Frontiers in Neurology. 12 (no pagination), 2021. Article Number: 646014. Date of Publication: 12 Apr 2021.
Leao M.T.; Machetanz K.; Sandritter J.; Liebsch M.; Stengel A.; Tatagiba M.; Naros G.
Vestibular schwannomas (VS) are brain tumors affecting the vestibulocochlear nerve. Thus, VS patients suffer from tinnitus (TN). While the pathophysiology is mainly unclear, there is an increasing interest in repetitive transcranial magnetic stimulation (rTMS) for TN treatment. However, the results have been divergent. In addition to the methodological aspects, the heterogeneity of the patients might affect the outcome. Yet, there is no study evaluating rTMS exclusively in VS-associated tinnitus. Thus, the present pilot study evaluates low-frequency rTMS to the right dorsolateral pre-frontal cortex (DLPFC) in a VS-associated tinnitus.

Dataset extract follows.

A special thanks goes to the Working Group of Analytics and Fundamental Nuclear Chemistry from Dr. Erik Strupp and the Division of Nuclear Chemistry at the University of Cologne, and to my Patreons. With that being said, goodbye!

This prospective pilot study enrolled nine patients with a monoaural VS-associated tinnitus ipsilateral to the tumor. Patients were treated with a 10-day rTMS regime (1 Hz, 100% RMT, 1,200 pulses, right DLPFC). The primary endpoint of the study was the reduction of TN distress (according to the Tinnitus Handicap Inventory, THI). The secondary endpoint was a reduction of TN intensity (according to the Tinnitus Matching Test, TMT) and the evaluation of factors predicting tinnitus outcome (i.e., hearing impairment, TN duration, type of tinnitus).

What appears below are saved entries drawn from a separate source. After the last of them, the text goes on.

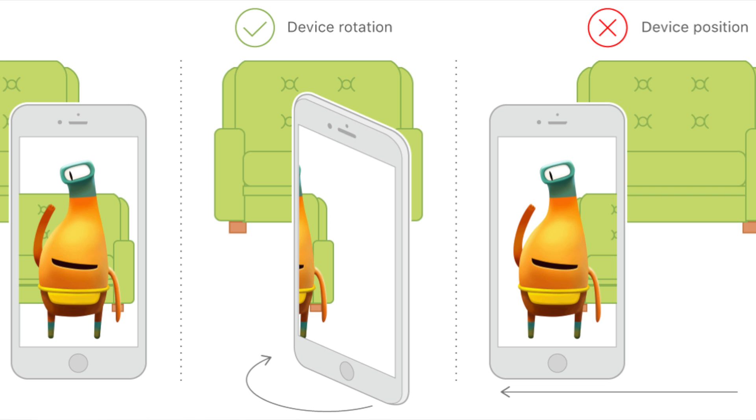And based on the developer notes, this should be available to all devices now, not just those with an A9 processor or newer.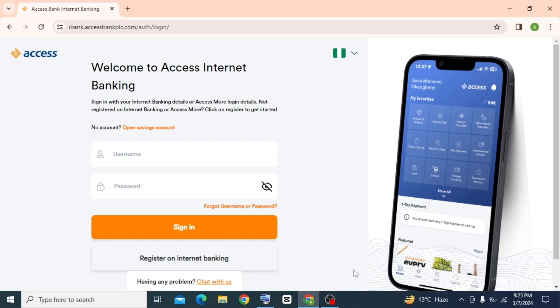And if anything didn't work accordingly or you face any difficulty, you can always contact Access Bank customer support for assistance. This is how you can increase the transfer limit on the Access Bank app.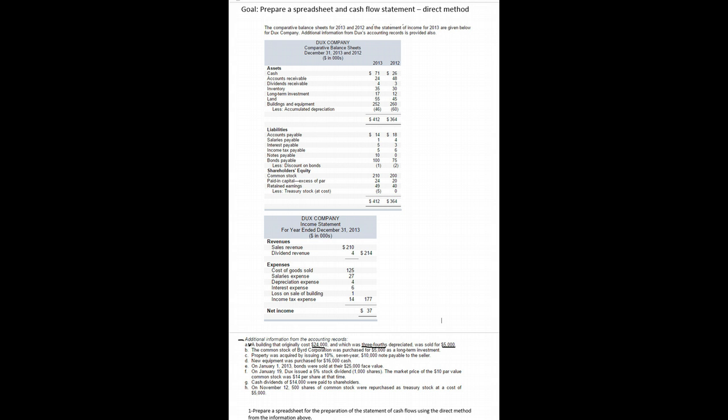In part one we learned how to prepare the cash flow from operating activities section of a spreadsheet. In part two we're going to learn to prepare the investing and financing section and hopefully get to making the cash flow statement itself. Let's see how fast we can move.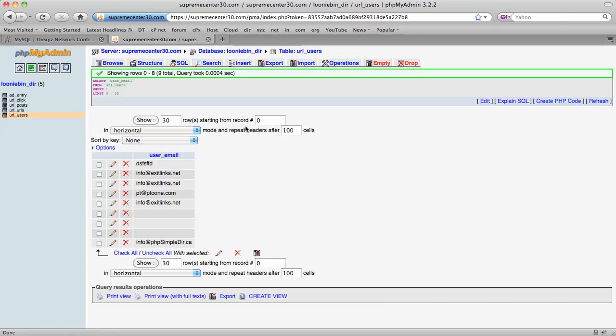There we go. It's given us a nice list of the five email addresses in the system.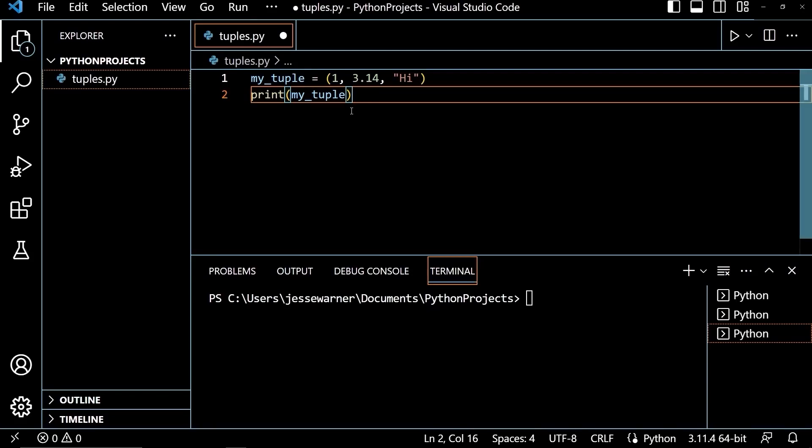In this video, I'm going to show you the tuple methods count and index and how to use sequence operations on tuples.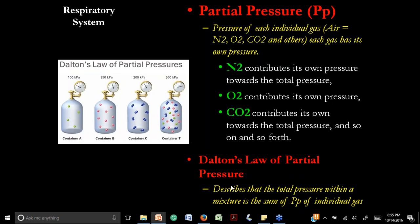Air is composed of many gases, and each gas contributes a portion of the total pressure — described by Dalton's law of partial pressures. The total pressure equals the sum of partial pressures of nitrogen, oxygen, CO2, and others. The partial pressure of oxygen equals total pressure multiplied by concentration of O2 in air. At atmospheric pressure of 760 mmHg, minus water vapor pressure of 47 mmHg, multiplied by 21%, gives a partial pressure of oxygen in the alveoli of about 150 mmHg.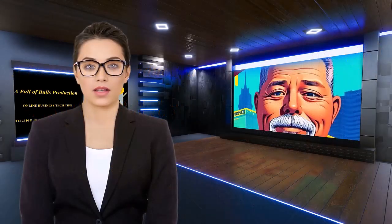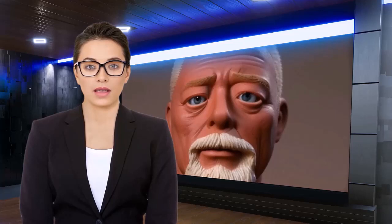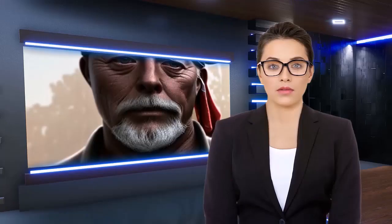Hi everyone, Aria Shah here, reporting from the Metaverse. Welcome to Tech Tips, your go-to source for online business tips and tools. Whether you're a seasoned online business guru or just getting started, these videos offer you insights to help adapt in this ever-changing digital landscape. Stay tuned, because Tech Tips starts right now.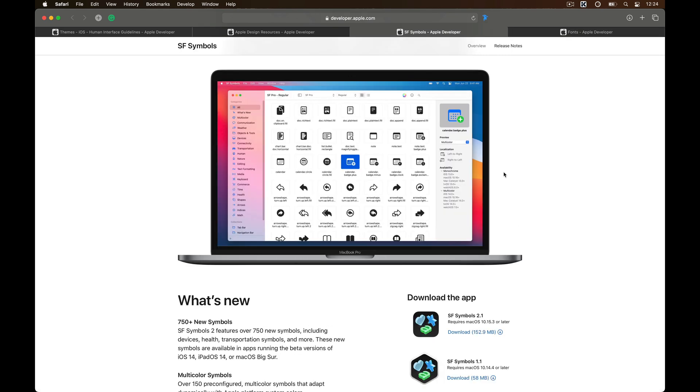One last thing I want you to download is the SF symbols which is a font icon that seamlessly integrates with the SF fonts and all you have to do to use this is copy and paste it just like you do with the text and that's all you need to get started with and I hope this will be useful to you and you'll be enjoying the handbook.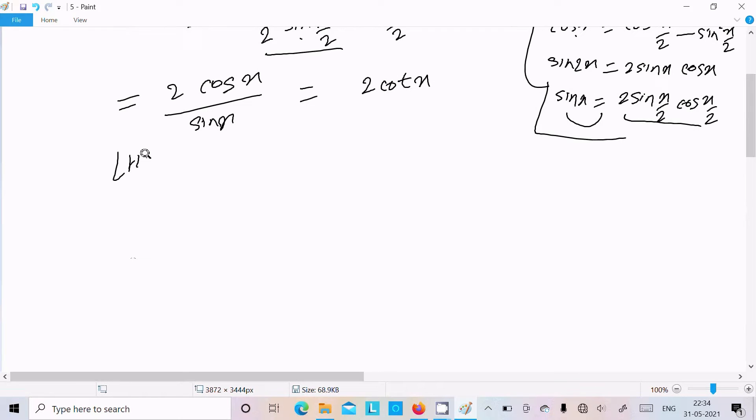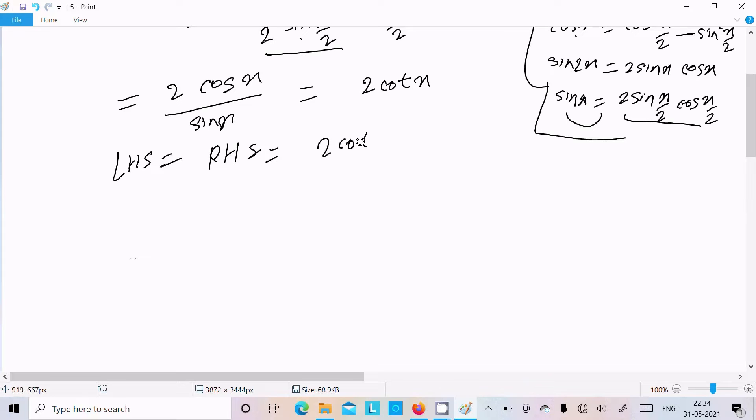So LHS equals RHS equals 2cot(x). That completes the proof for the first method.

No complications or side effects occurred. There was one drop-out due to a non-responsiveness of the complaint. There was a significant acute effect of rTMS on the THI and TMT. However, there was no significant long-term effect after 4 weeks. While the THI failed to detect any clinically relevant acute effect of rTMS in 56% of the patients, TMT revealed a reduction of TN intensity for more than 20 in 89% and for more than 50 in 56% of the patients. Notably, the acute effect of rTMS was influenced by the TN type and duration. In general, patients with a tonal TN and shorter TN duration showed a better response to the rTMS therapy.

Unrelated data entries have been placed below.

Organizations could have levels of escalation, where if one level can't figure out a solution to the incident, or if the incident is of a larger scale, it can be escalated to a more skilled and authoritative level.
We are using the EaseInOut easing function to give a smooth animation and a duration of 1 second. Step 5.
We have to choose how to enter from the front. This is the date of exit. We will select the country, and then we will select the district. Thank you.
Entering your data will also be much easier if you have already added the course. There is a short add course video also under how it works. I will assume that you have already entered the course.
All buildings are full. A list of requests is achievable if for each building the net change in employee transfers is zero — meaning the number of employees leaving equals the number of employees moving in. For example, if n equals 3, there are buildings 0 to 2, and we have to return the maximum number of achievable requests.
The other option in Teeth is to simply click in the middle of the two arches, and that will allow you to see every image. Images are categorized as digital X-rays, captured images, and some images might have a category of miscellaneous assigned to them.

The present pilot study is the first one to exclusively evaluate the effect of low-frequency rTMS to the right DLPFC in a VS-associated tinnitus. Our results prove the feasibility and the efficacy of rTMS in this patient cohort. There is a significant acute but a limited long-term effect. In addition, there is evidence that patients with a tonal tinnitus and shorter tinnitus duration might have the strongest benefit. A larger, randomized controlled study is necessary to prove these initial findings.